The task ->
Please return the listing exactly as it stands, skipping any pictures.

Dataset extract ->
★ ★ ★ ★ ★

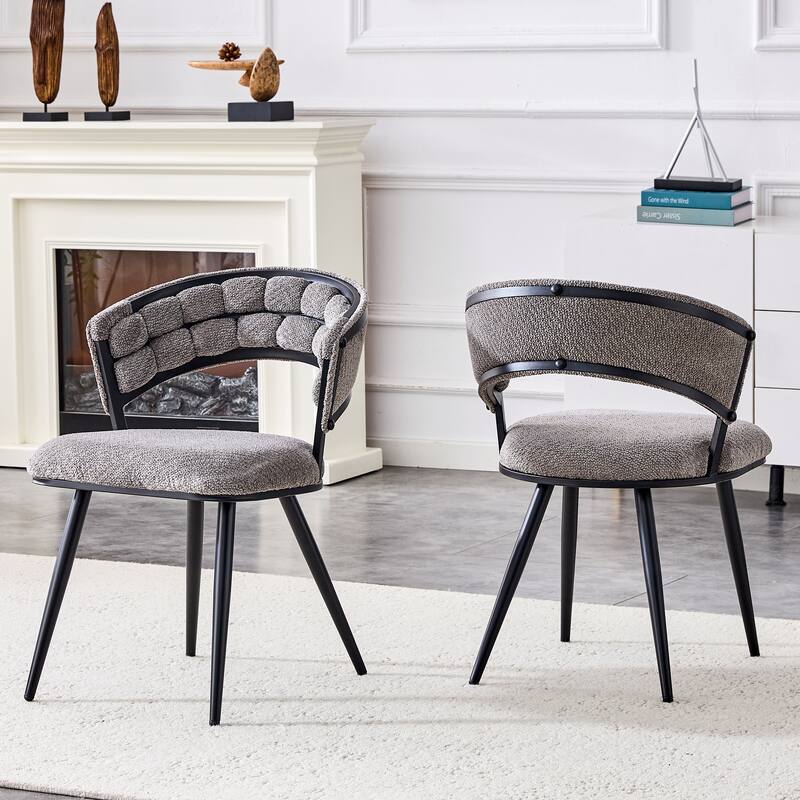 Velvet Upholstered Dining Chairs Set of 2, Accent Chair with Tufted Backrest, Kitchen Side Chairs with Metal Legs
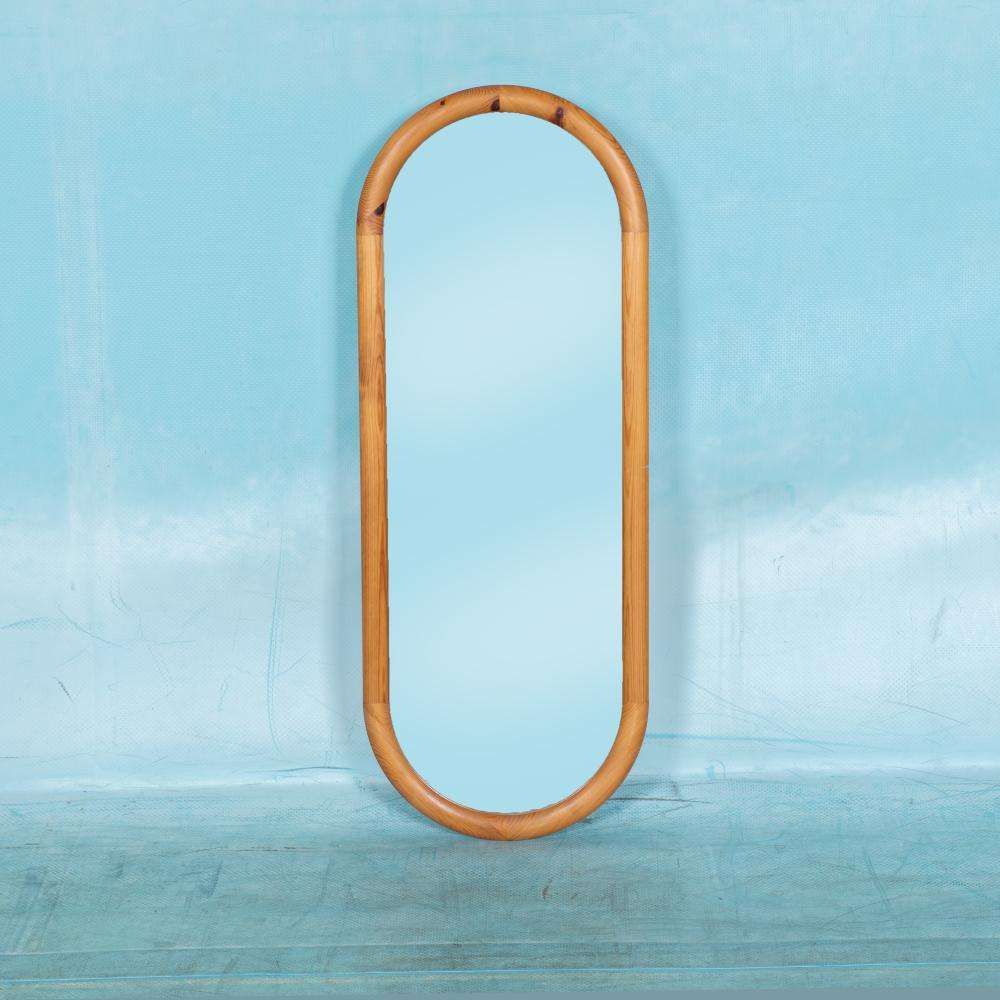 Vintage Wooden Full Length Mirror Sweden 70s Blond Mirror Pine photo furniture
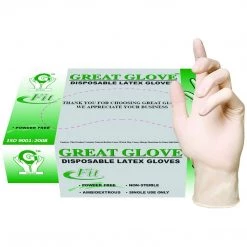 OnlyOneStopShop 100 PC Latex Powder Free Disposable Gloves - Large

★ ★ ★ ★ ★

Task answer ->
 Velvet Upholstered Dining Chairs Set of 2, Accent Chair with Tufted Backrest, Kitchen Side Chairs with Metal Legs
 Vintage Wooden Full Length Mirror Sweden 70s Blond Mirror Pine photo furniture
 OnlyOneStopShop 100 PC Latex Powder Free Disposable Gloves - Large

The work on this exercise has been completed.